--- Supplied records Enclosed Below ---

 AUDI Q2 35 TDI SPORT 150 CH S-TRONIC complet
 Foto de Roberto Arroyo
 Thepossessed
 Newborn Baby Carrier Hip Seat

--- End of Enclosed Supplied records ---
--- Supplied records Enclosed Below ---

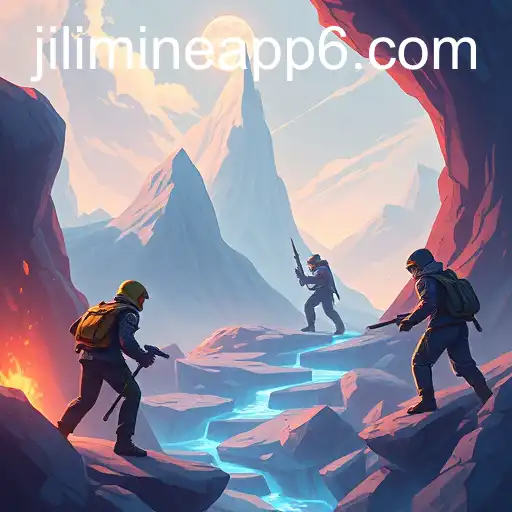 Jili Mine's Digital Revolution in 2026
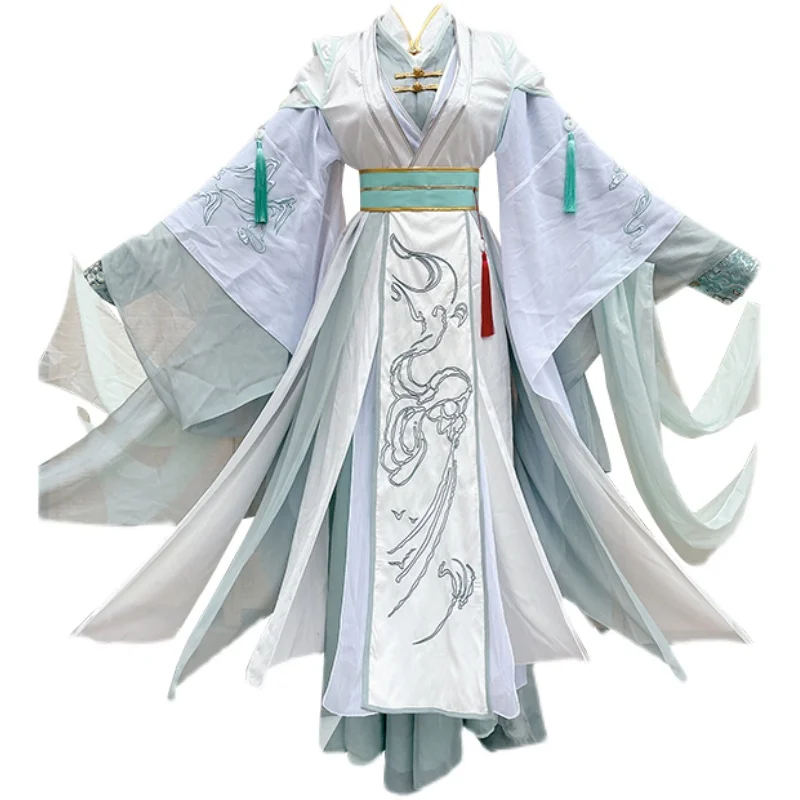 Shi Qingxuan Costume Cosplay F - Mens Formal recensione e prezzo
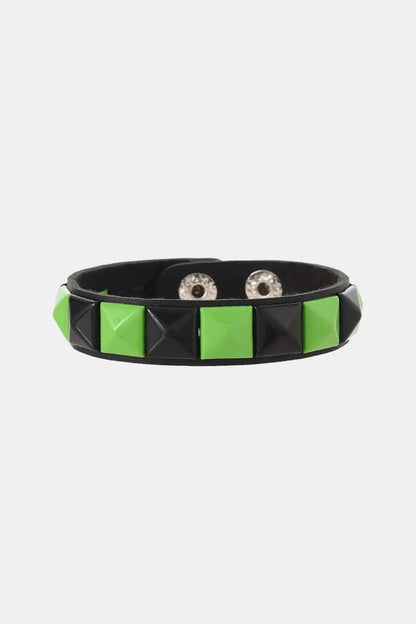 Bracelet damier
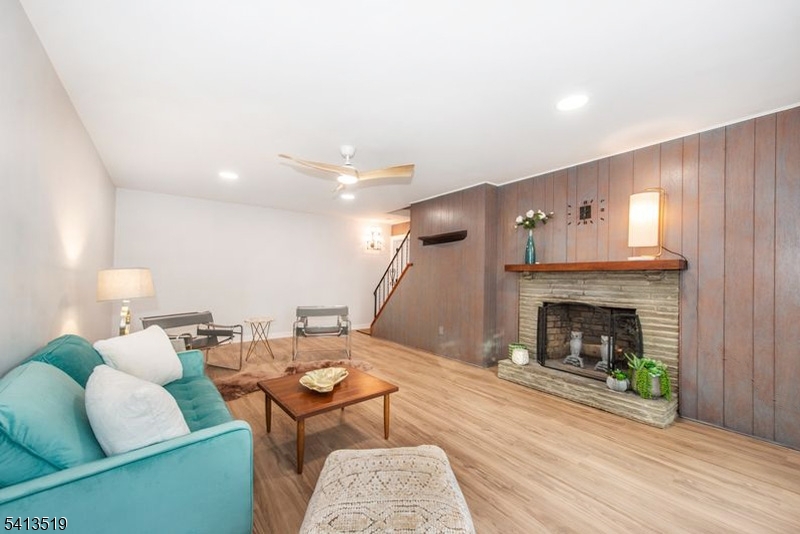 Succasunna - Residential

--- End of Enclosed Supplied records ---

### What the task requires:
Repeat, character for character, the lines of the material above from the line with "Foto de Roberto Arroyo" through the line with "Newborn Baby Carrier Hip Seat".

### Answer space:
 Foto de Roberto Arroyo
 Thepossessed
 Newborn Baby Carrier Hip Seat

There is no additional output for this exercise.